La exposición de los escritores
-¿Reivindica lo analógico con esos mensajes mecanografiados?
-Es un personaje mucho más exasperado que yo, al que le indignan cosas que a mí solo molestan: la exposición de los escritores, las redes sociales, el ataque anónimo... Me parece que vivimos tiempos tóxicos para la escritura. Y no es tanto por las nuevas maneras de hacer aquello que irrita. Toda generación quiere tener a sus Beatles y su Bob Dylan y está en su derecho, pero impresiona que no sepa quiénes fueron. Yo me formé o me deformé en una época sin internet, en un país en dictadura, donde llegaban muy pocas cosas y había una voracidad por saber. Ahora que se tiene acceso absolutamente a todo, impresiona que todo se reduzca a uno y a sus coleguitas y un par de anónimos, imbuidos de cierta cobardía. La acción está por encima de la reflexión, en una carrera para ver quien lo cuelga antes en la red.
-El meollo aquí no es cómo funciona la mente de un escritor, sino cómo se le ocurrió la idea de convertirse en tal...
-Es la discusión que tengo con Alan Pauls, que me promete una comida en el mejor restaurante cuando escriba un libro sin escritores. Cada tanto me lo propongo pero no puedo, porque la vocación literaria es infantil en el mejor sentido.
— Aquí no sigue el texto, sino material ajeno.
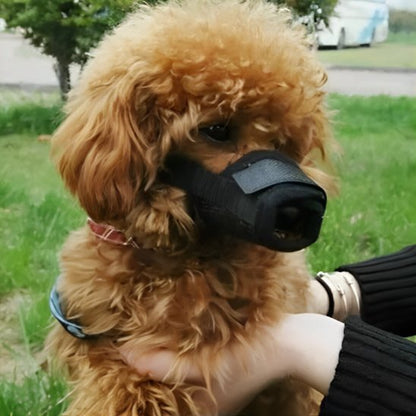 Muselière ergonomique confortable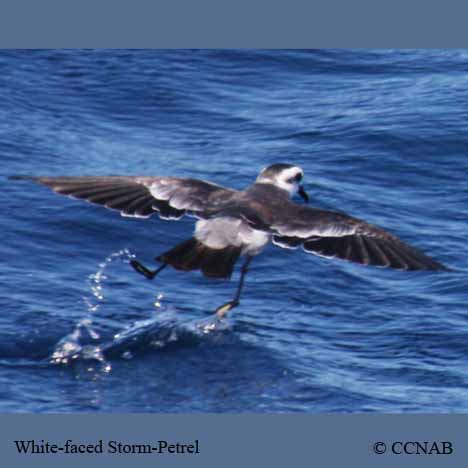 White-faced Storm-Petrel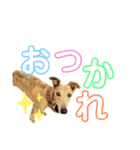 I'm HEIDHI ！！ ③ -Whippet（個別スタンプ：18）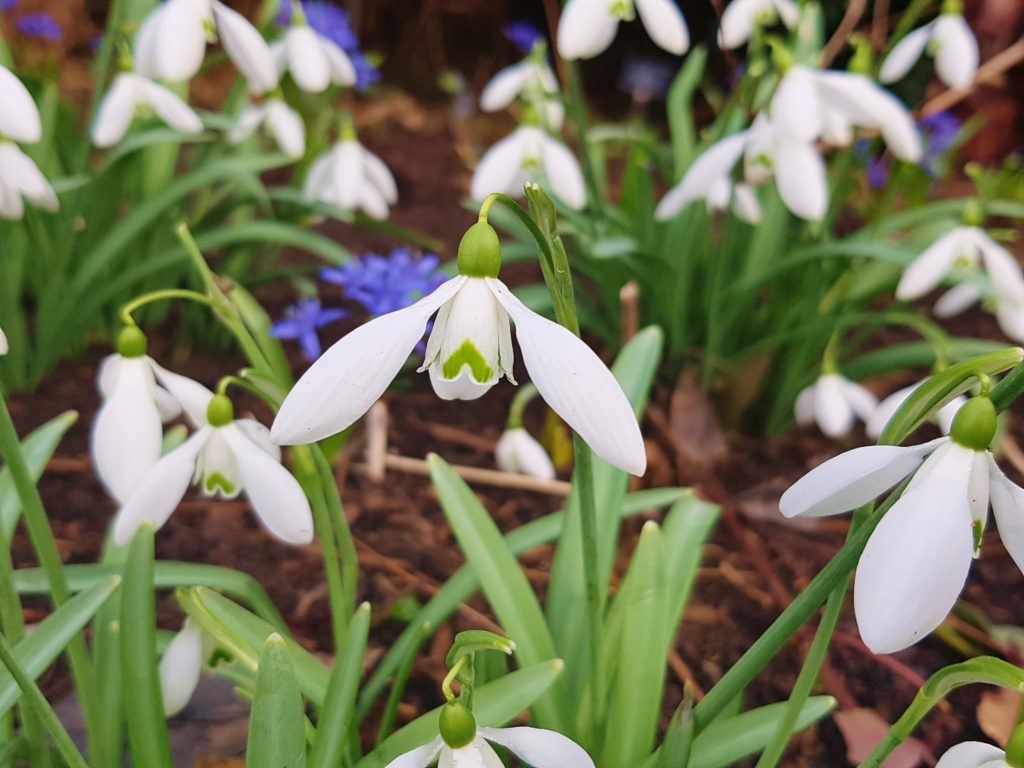 Schneeglöckchen, Galanthus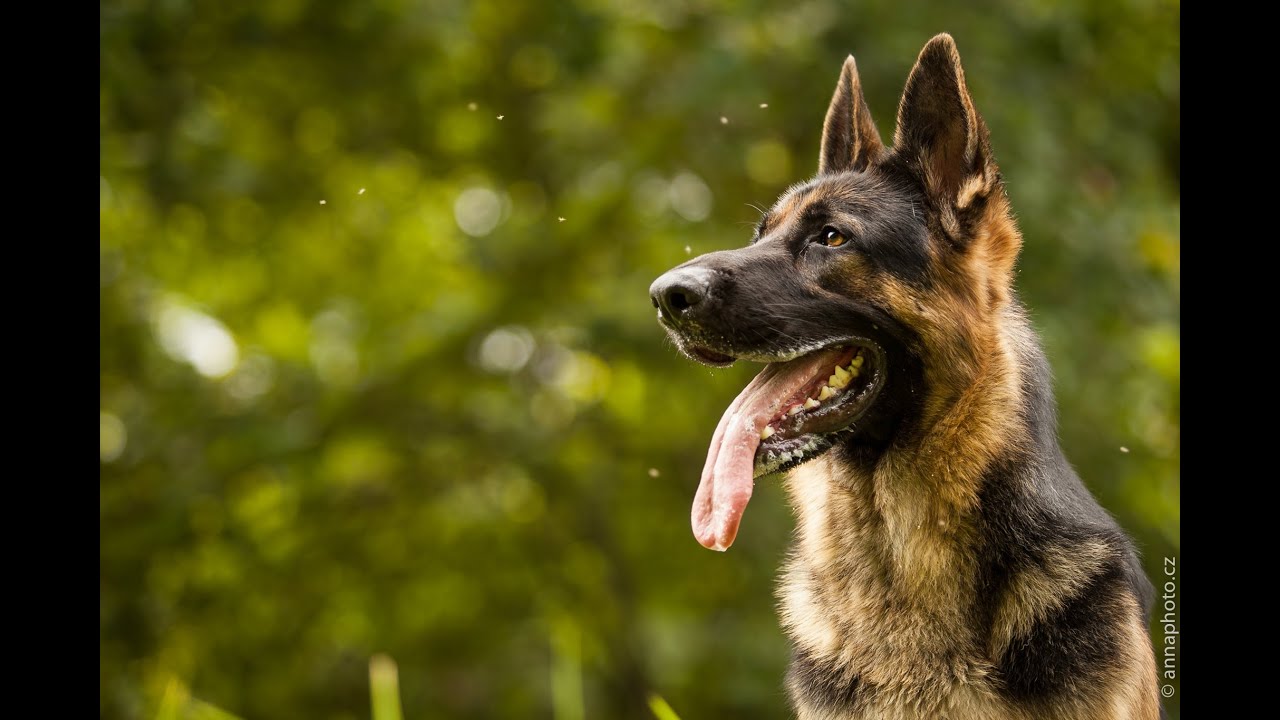 german shepherd Lexus (Ares Slovraj) - Tricks I.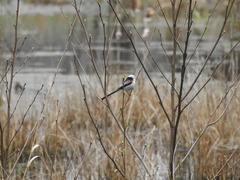 Aegithalos caudatus caudatus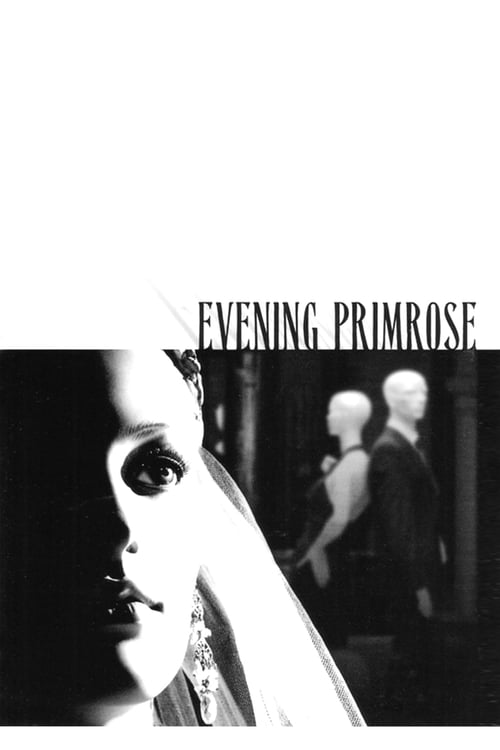 Evening Primrose poster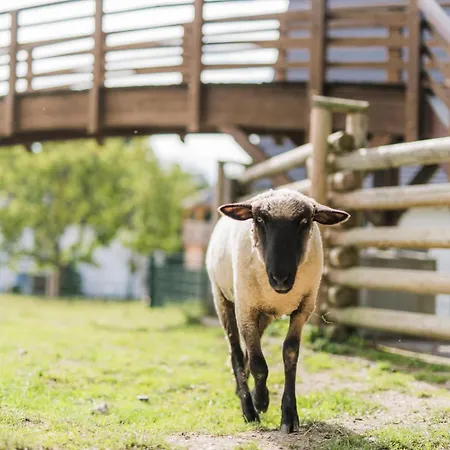 Hof Koehne - Altes - Huhn Schmallenberg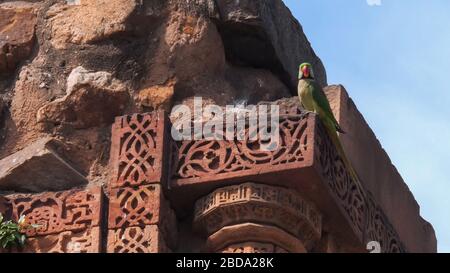 Ein Ringhalspapagei auf den minarruinen von qutub in delhi Stockfoto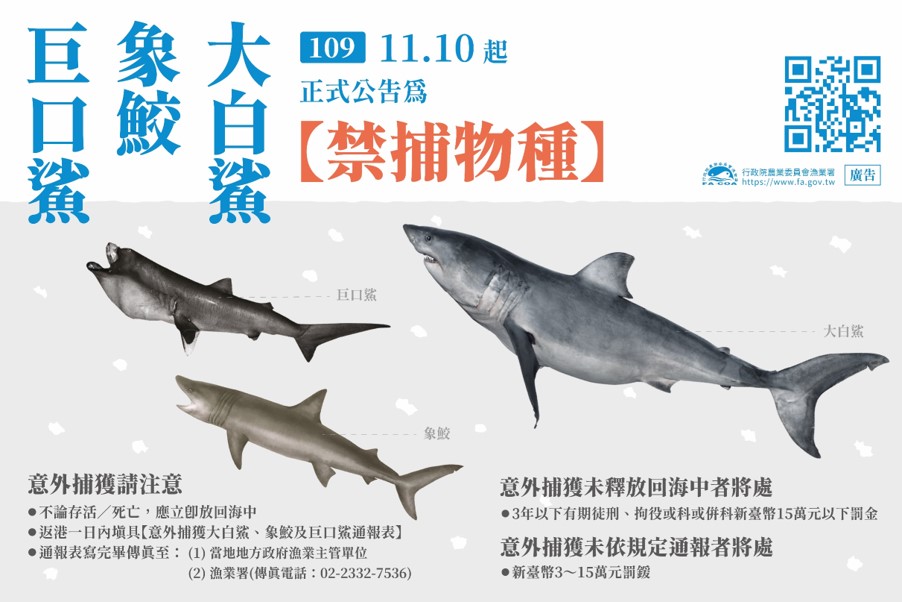 農委會公告，即日起禁止捕撈巨口鯊、象鮫及大白鯊。 圖：農委會漁業署／提供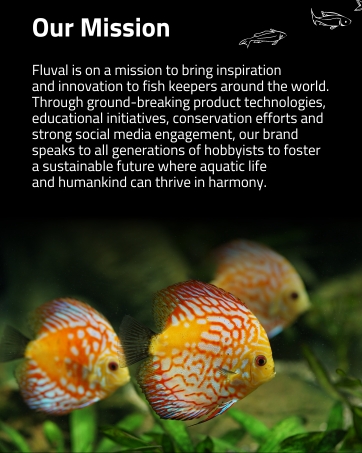 Fluval_Module_2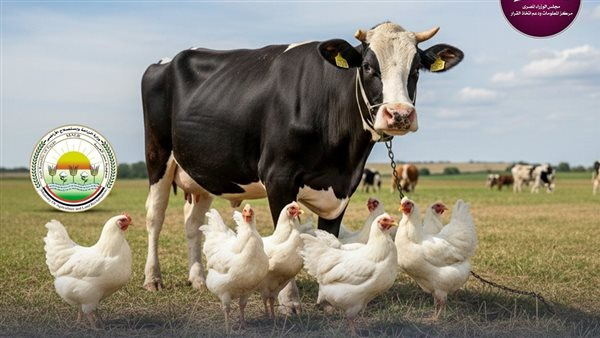 نصف شهر كافٍ لتغيير خريطة الإنتاج الحيواني بأرقام جديدة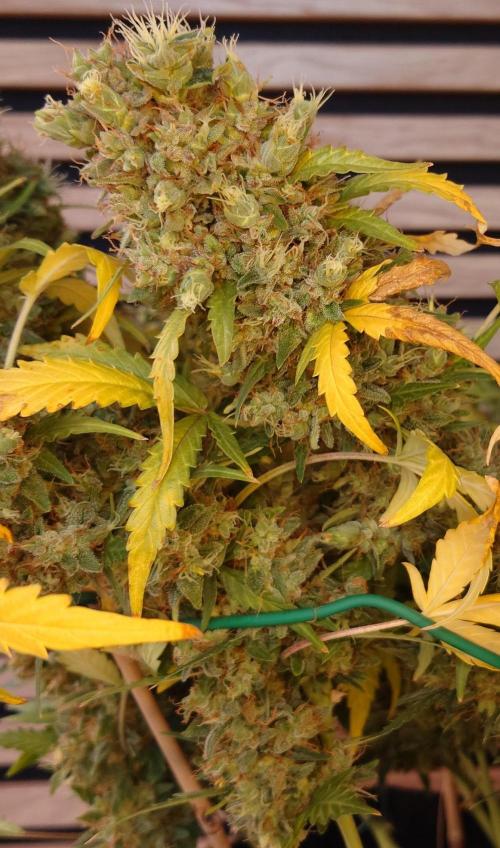 Lemon Cherry Gelato Automatic. Week 14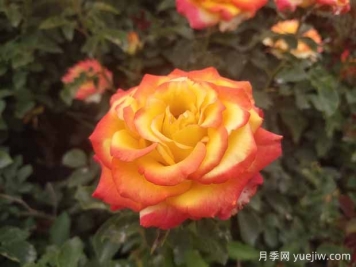 避免月季死亡，分享常見(jiàn)養(yǎng)護(hù)辦法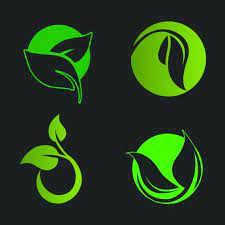Green Leaf Logo Leaf Icon
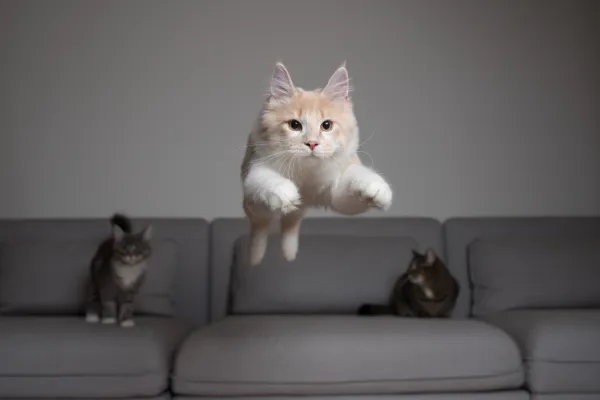 Introducing a Third Cat: A Step‑by‑Step Guide for Harmony at Home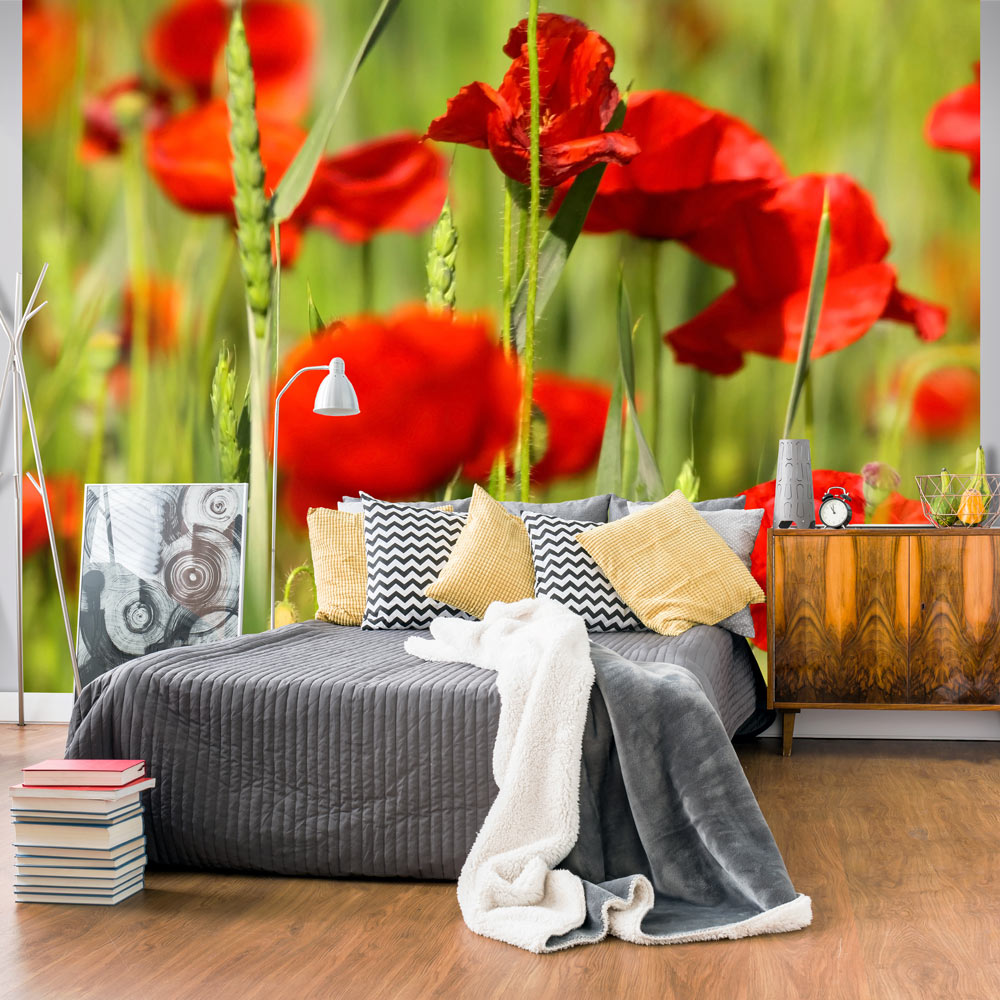 Wallpaper - Cereal field with poppies - 400x309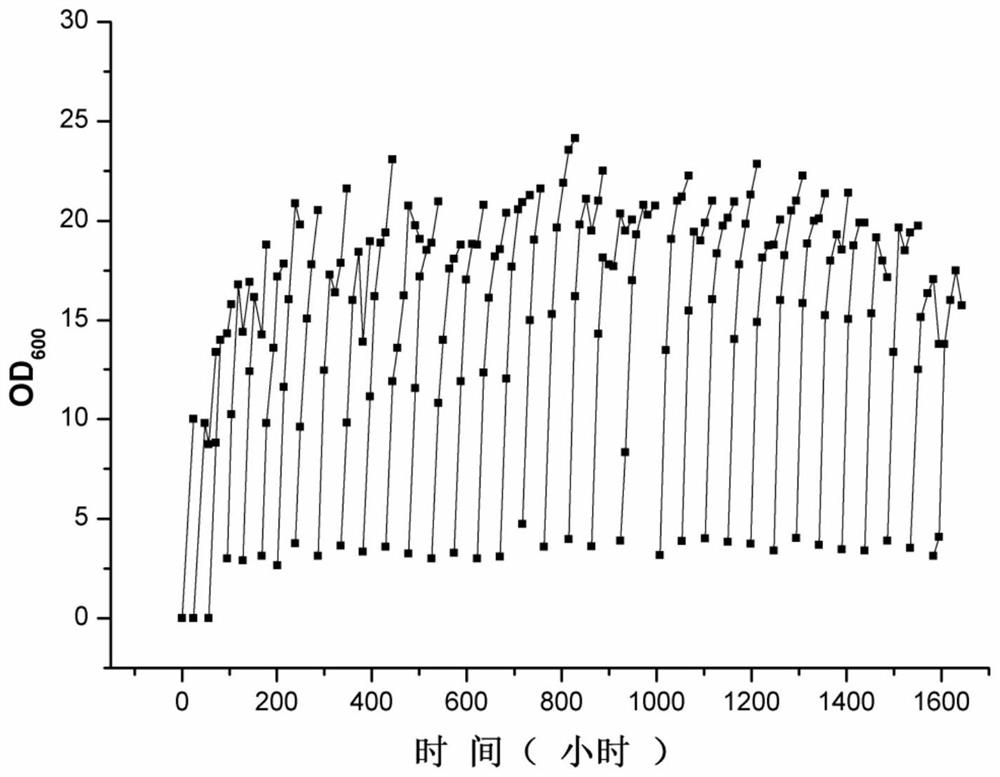 High-glucose-resistant lactic acid production strain and application thereof in D-lactic acid production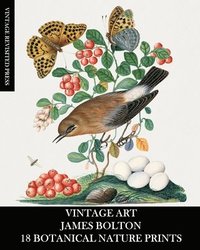 bokomslag Vintage Art: James Bolton: 18 Botanical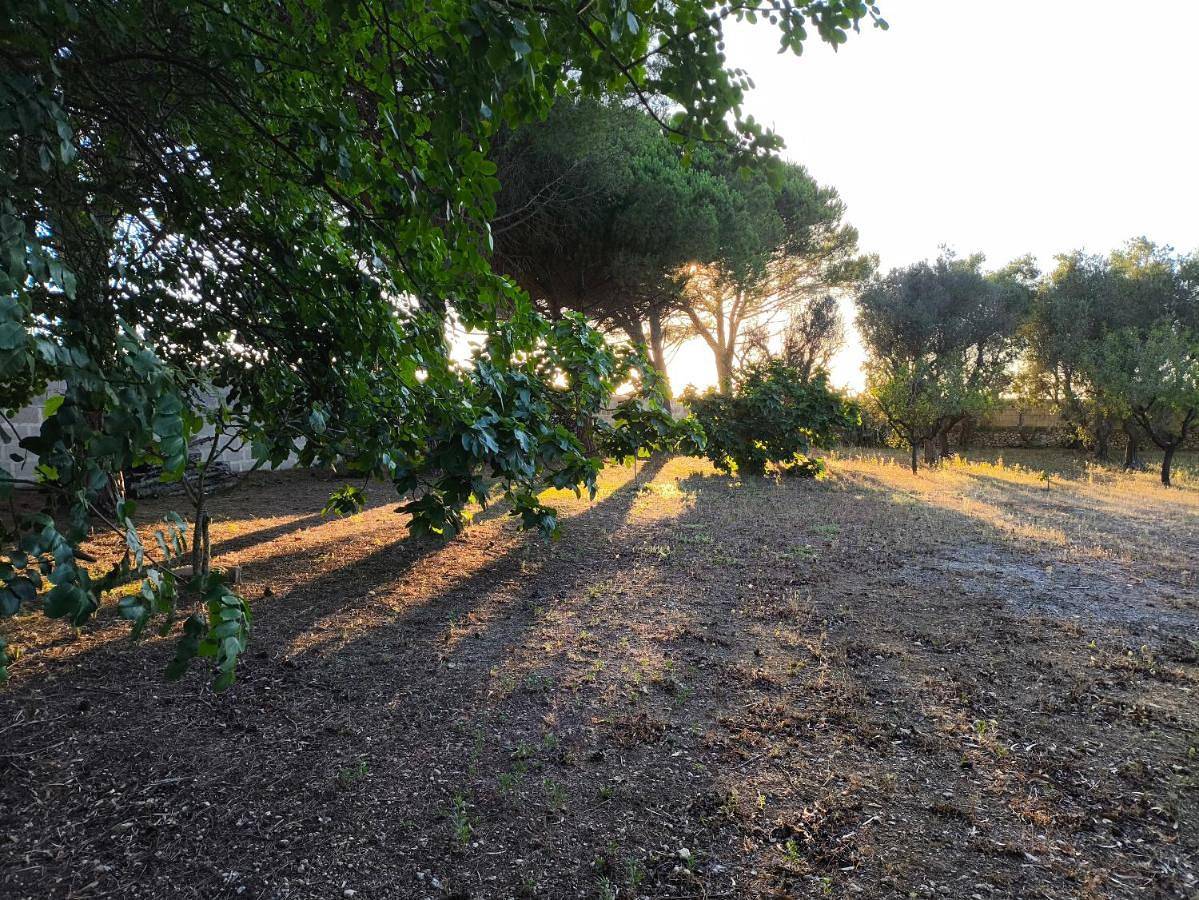 Casa dei Nonni by Briciole di Gusto - 3000mq di relax in giardino a 1500m dal mare in Lecce, Provincia di Lecce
Mi percepción del ser escritor es completamente romántica y aventurera. Sigue el mismo impulso del chico que quiere ser astronauta o bombero. Cuando me ponen etiquetas como el escritor metaficcional o el Borges pop, me hace gracia, porque Borges ya lo era. Y mi caso es anterior a cualquier etiqueta, es el deseo de ser pirata y al abordaje.
-Queda la sensación de que hay una mayor implicación del autor real en este libro que en los anteriores...
-Tengo la duda de si uno con los años se hace más sabio o menos cauto. Tal vez la menor cautela sea una forma de la sabiduría, no lo sé. Pero noto ahora, por suerte, porque durante la escritura me hubiese llevado a estrellarme, que sí, que seguramente sea mi libro más personal.